**Exercise brief**
Take the entries that follow and return only the lines from the one with "in autumn 142218665" through the final line, leaving every picture behind.

**Record extracts**
——

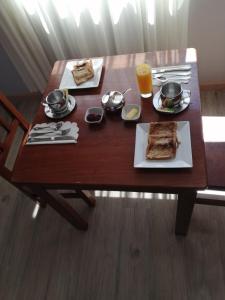 una mesa de madera con un plato de comida. en Hotel CESARE, en Uyuni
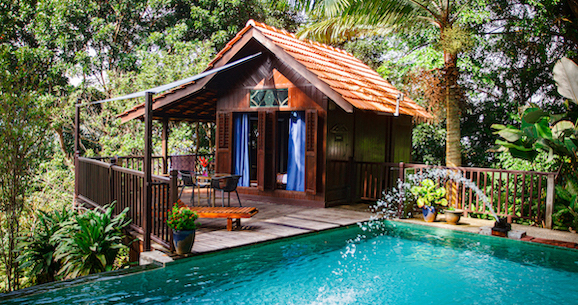 A pool surrounded by houses.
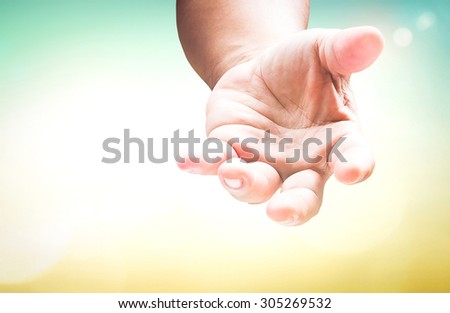 Human hand open empty hands with palms up over blurred nature, gesture of asking for the help or reach for helping someone who is troubled. Pray for support concept. Established principle concept.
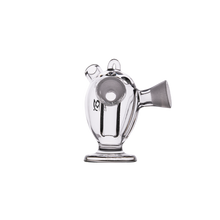 The MJ Arsenal Dubbler Original Double Bubbler features clear borosilicate glass, a wide base, two circular openings on top, and a slanted spout—perfect for smooth water filtration. Shown against a plain white background.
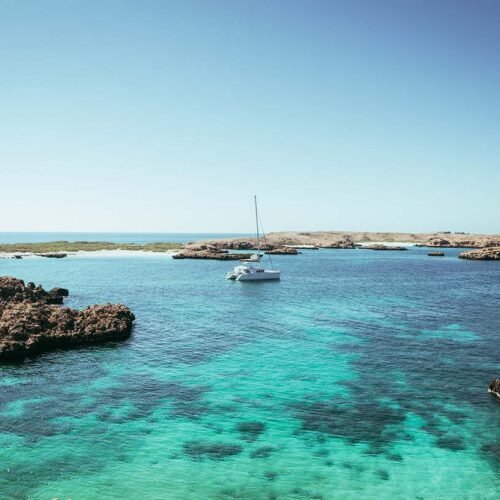 Un catamarano bianco ancorato nelle acque turchesi e trasparenti della riserva naturale delle Isole Daymaniyat in Oman.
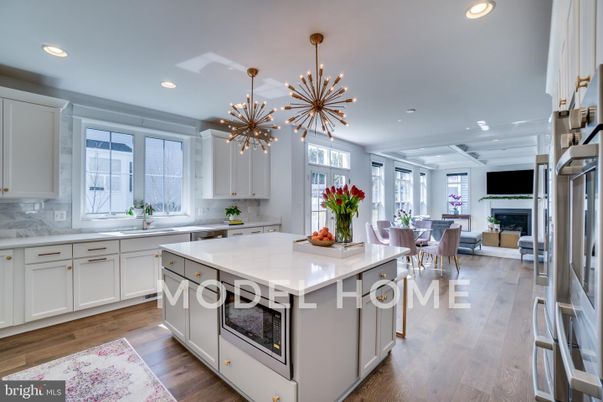 Dining room, Fireplace, Interior, Kitchen, Pendant Lights, Recessed Lighting, Stainless Steel Appliances, Wood Texture Flooring
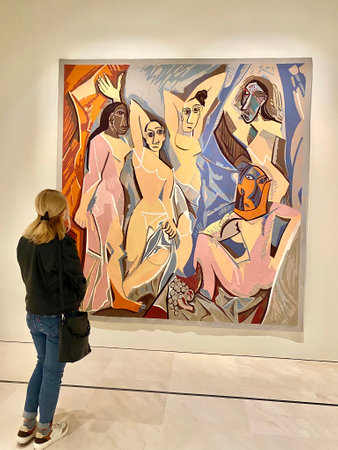 30.10.2021. Malaga, Spain. blond girl standing in front of Pablo Picassos one of the most famous painting called Les Demoiselles dAvignon in Picasso Musseum in Malaga. High quality photoのeditorial素材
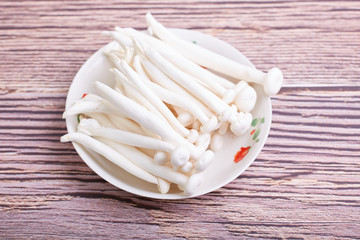 Fresh white mushrooms on a plate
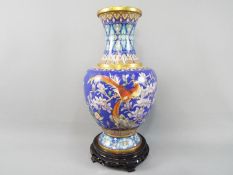 A large Chinese cloisonné vase decorated to the body with birds,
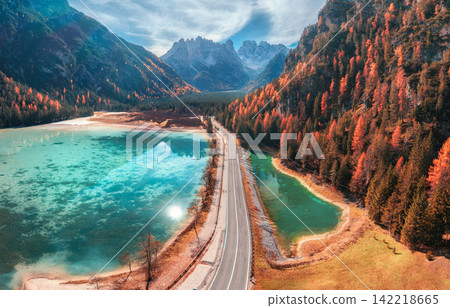 Aerial drone view of road along turquoise alpine lake in autumn Aerial drone view of road along turquoise alpine lake in autumn 142218665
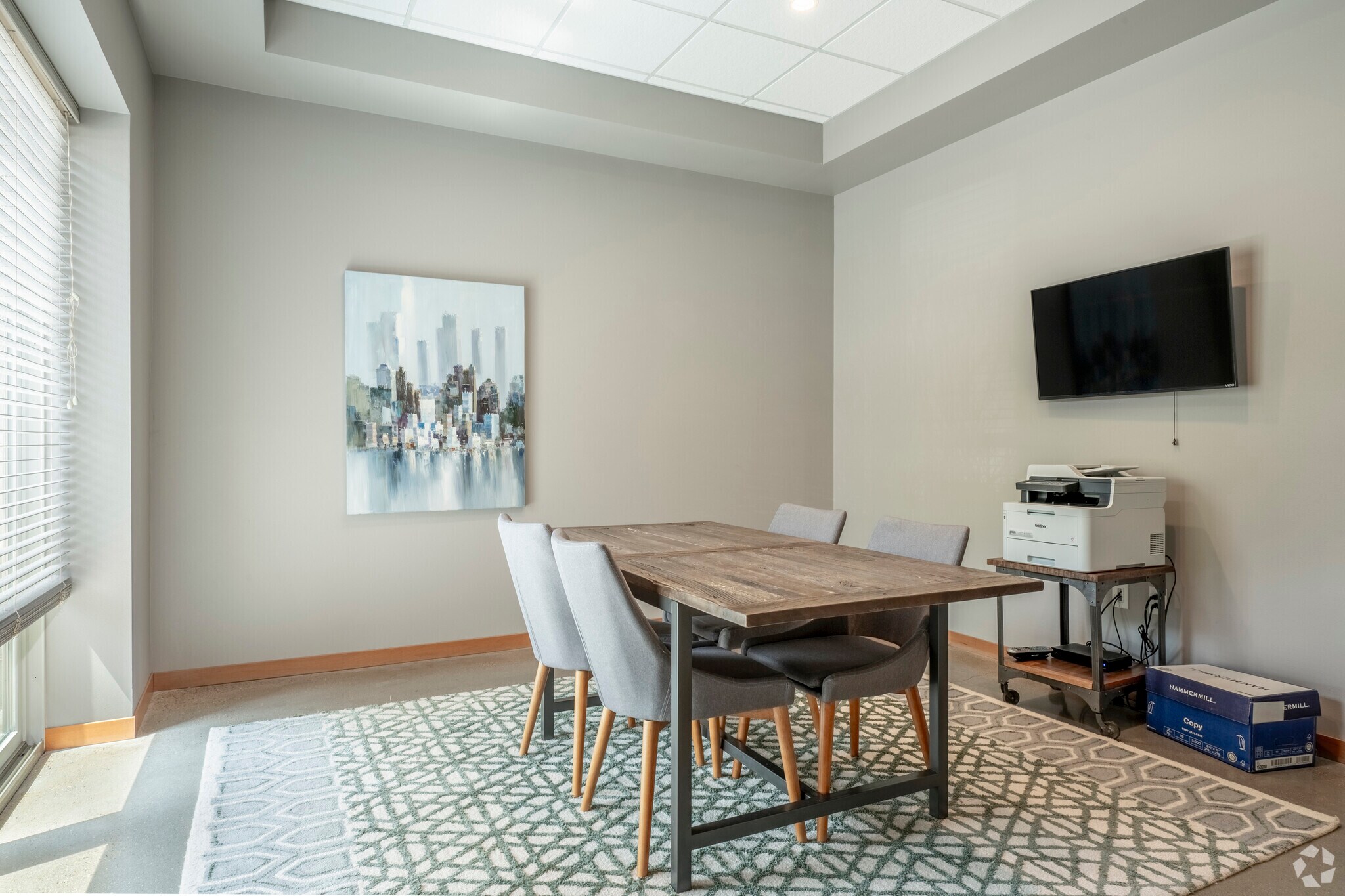 Middleton Station conference room with table, television, and printer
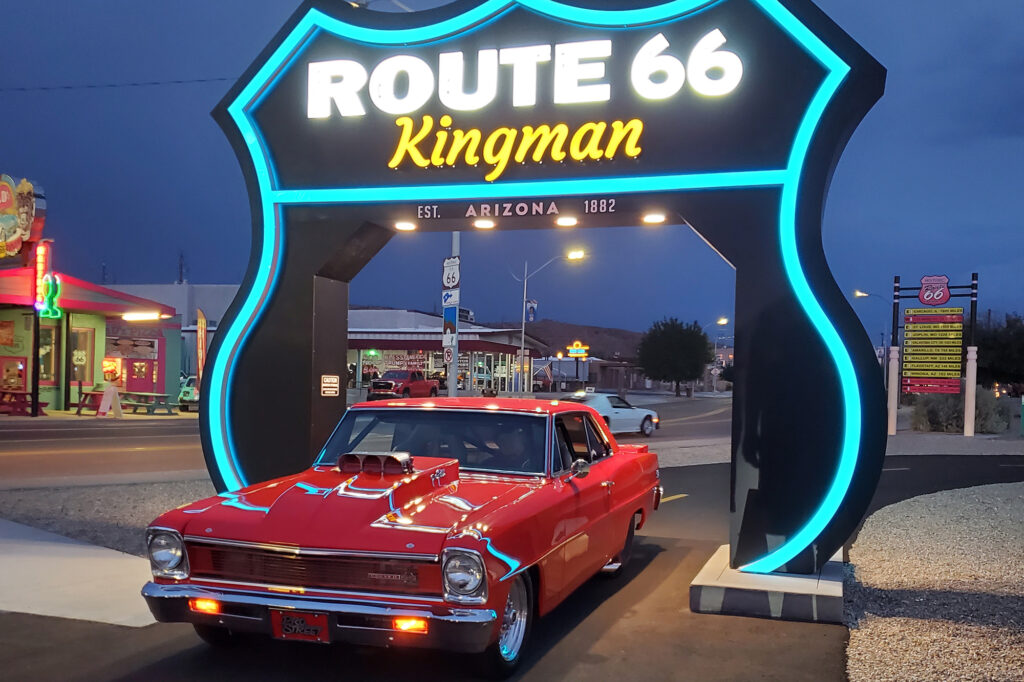 An illuminated Route 66 shield sign in Kingman, Arizona. Credit: Arizona Office of Tourism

——

**Solution to the exercise**
 Aerial drone view of road along turquoise alpine lake in autumn Aerial drone view of road along turquoise alpine lake in autumn 142218665
 Middleton Station conference room with table, television, and printer
 An illuminated Route 66 shield sign in Kingman, Arizona. Credit: Arizona Office of Tourism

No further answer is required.